▶ What to produce:
Set down all the lines below, each one exactly as shown.

▶ Given data:
┌──
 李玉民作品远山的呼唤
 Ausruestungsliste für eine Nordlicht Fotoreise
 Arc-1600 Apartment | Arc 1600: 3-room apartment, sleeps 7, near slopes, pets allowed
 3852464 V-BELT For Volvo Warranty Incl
└──
▶ Task response:
 李玉民作品远山的呼唤
 Ausruestungsliste für eine Nordlicht Fotoreise
 Arc-1600 Apartment | Arc 1600: 3-room apartment, sleeps 7, near slopes, pets allowed
 3852464 V-BELT For Volvo Warranty Incl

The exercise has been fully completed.